Coincidences in Fiction: What You’re Doing Wrong via K.M. Weiland


Coincidences and luck are challenging elements for many writers. Read K.M. Weiland's take on coincidences in fiction. Let me know if you think she's spot on or not.


Coincidences in Fiction: What You’re Doing Wrong



Coincidences are awesome. In real life. But coincidences in fiction? Unfortunately, the same rules don’t apply. In fact, a poor use of coincidences in your story can make or break your readers’ ability to suspend their disbelief and enjoy your plot.

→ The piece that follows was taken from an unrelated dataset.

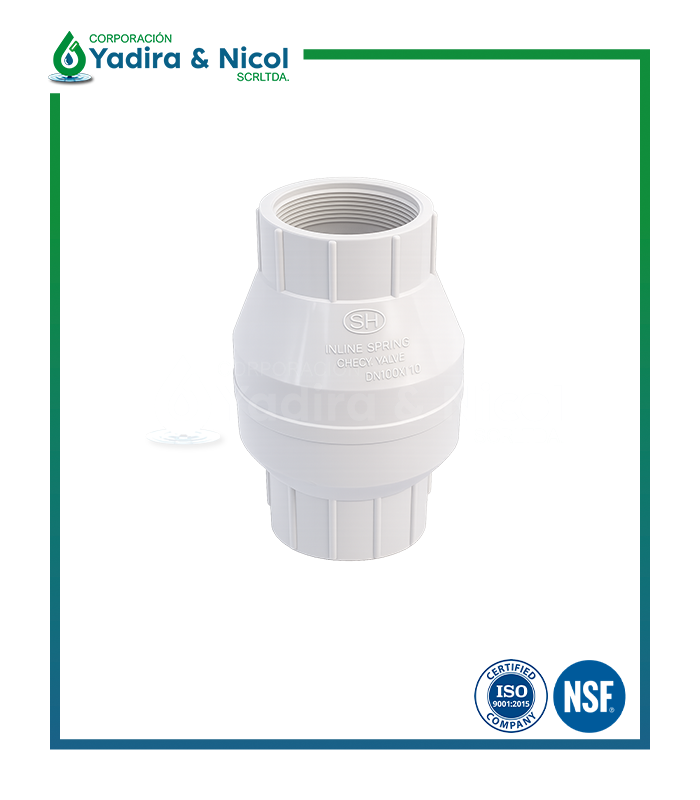 CHECK RESORTE BLANCO CON ROSCA PVC SH-DFP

In real life, coincidences are (usually) cool. They’re inexplicable, seeming freaks of destiny that tickle our brains with their mystery. When the teller at the bank turns out to be the little neighbor girl you played with as a kid or when you find the perfect outfit at a garage sale or when a flat tire delays you enough to keep you out of a seven-car pileup on the Interstate–those are all awesomesauce. Our brains delight in the impossible happenstance of it all. It’s like a fairy gift: all the niftier because it’s unexpected and unexplained.


But here’s the thing about coincidences in fiction: readers are expecting a gift and they want it to be explained.


We believe in the crazy things that happen in real life, simply because we have no choice: there’s the proof right there in front of us. We have to believe it. It happened! It’s real!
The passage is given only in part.